The embodiments disclosed herein also relate to: a plug for sealing against the interior surface of a pipe, the plug having a front end and a back end, having: a first compression plate defining a recessed surface facing the back end of the plug and/or having a flange defined around the recessed surface and extended towards the back end of the plug; and/or a second compression plate beneath the first compression plate, wherein the second compression plate comprises a base and/or an elevated surface rising from the base; and/or wherein the elevated surface defines a cylindrical wall having a smaller circumference than the base; and/or a fluid opening defined within the second compression plate, wherein the fluid opening is fluidly connected to the back end of the plug; and/or a seal ring configured to be compressible and/or located above the base of the second compression plate and/or beneath the flange of the first compression plate; and/or a cavity defined by the elevated surface of the second compression plate and/or the recessed surface of the first compression plate, and/or wherein the cavity is fluidly connected to the fluid opening; and/or wherein the cavity is further defined by the flange of the first compression plate; and/or further comprising a pipe nipple threaded into the first compression plate and/or a plurality of bolts inserted through the first compression plate and/or into the second compression plate; and/or further comprising a bushing around each of the plurality of bolts, wherein each bushing is located in the first compression plate, and/or further wherein each bushing is configured to seal against leakage of fluid.

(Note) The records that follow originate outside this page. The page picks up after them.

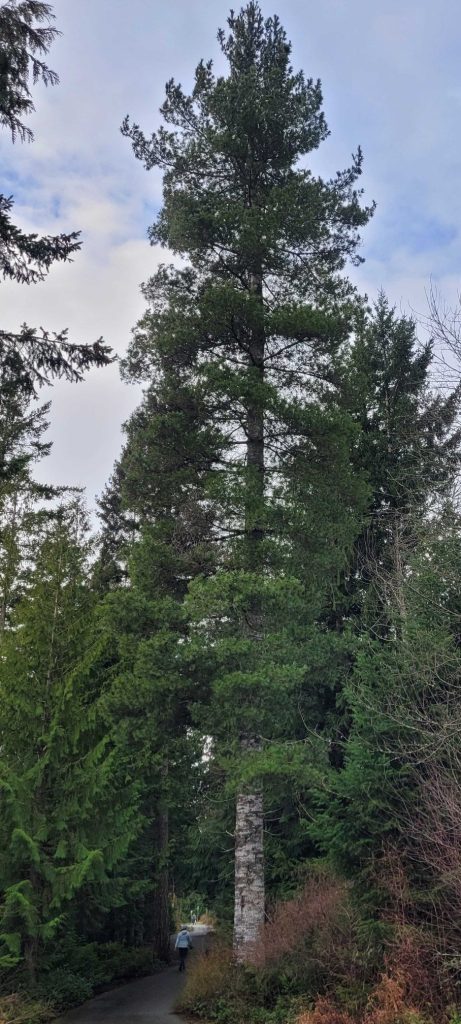 Western White Pine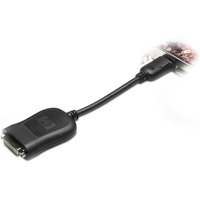 HP 484156-001 video cable adapter DVI-D DisplayPort Black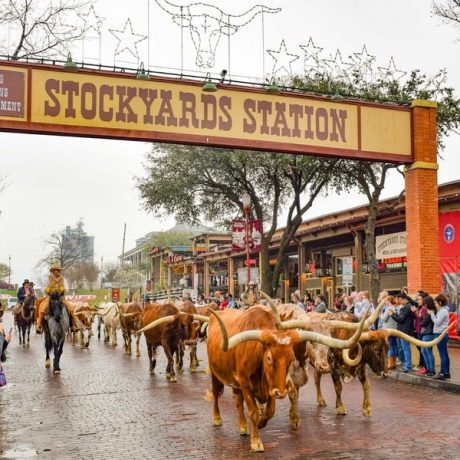 Worth Stockyards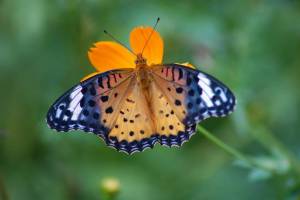 Раскраска бабочка #19 #578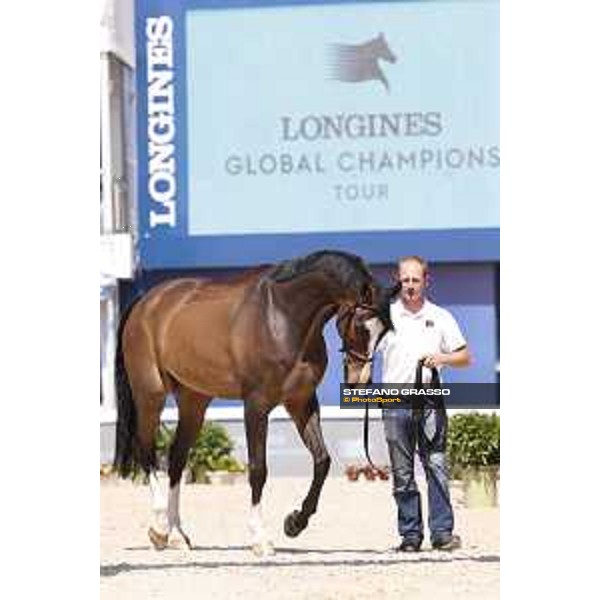LGCT of Shanghai - Vet check - Hello Shelby - Shanghai, - 19 April 2018 - ph.Stefano Grasso/LGCT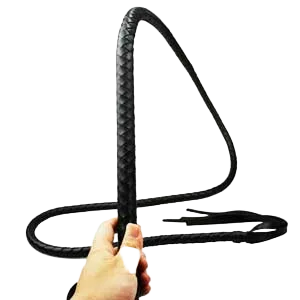 Leather whip BDSM intense sensation adult toy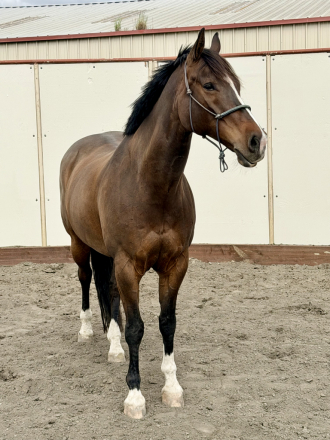 HorseID: 2313641 Word on the Street - PhotoID: 1099139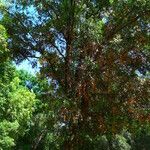 Quercus chrysolepis Yeri
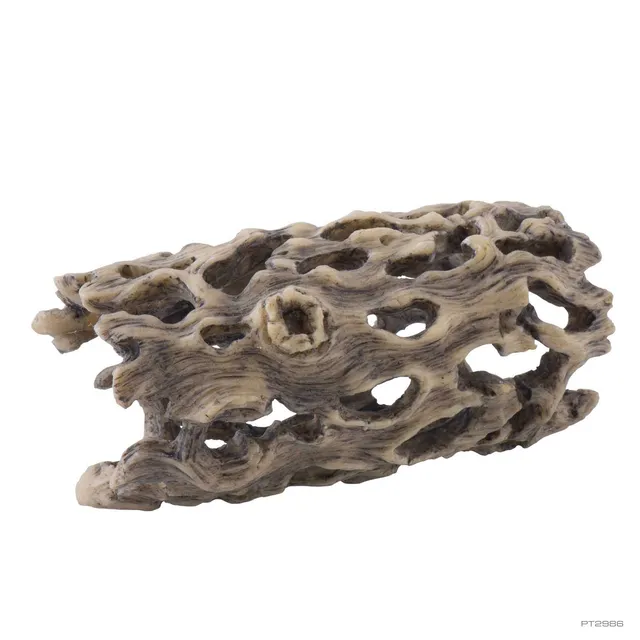 exo-terra-cholla-cactus-small-reptile-den-naturversteck image 1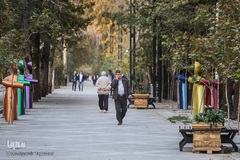 تنهاییِ همراهی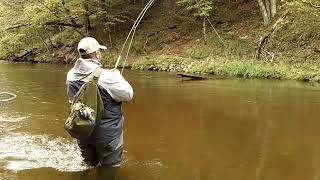Pere Marquette River Baldwin Michigan Fly Fishing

The embodiments disclosed herein also relate to: a method of sealing a pipe with a plug having the steps of positioning the plug to a desired location within the pipe; and/or torquing a nut on each of a plurality of bolts inserted through a first clamping plate and/or into or through a second clamping plate of the plug; and/or compressing the first clamping plate and the second clamping plate together; and/or squeezing a sealing ring situated between the first clamping plate and the second clamping plate; and/or engaging an interior surface of the pipe with the sealing ring; and/or supplying a fluid to a back of the plug and/or to a cavity between the first clamping plate and the second clamping plate; and/or reducing a first force experienced by the seal ring from the back of the plug via a second force derived from the fluid within the cavity; and/or further comprising the step of preventing overexpansion of the seal ring and/or preventing yielding of the pipe.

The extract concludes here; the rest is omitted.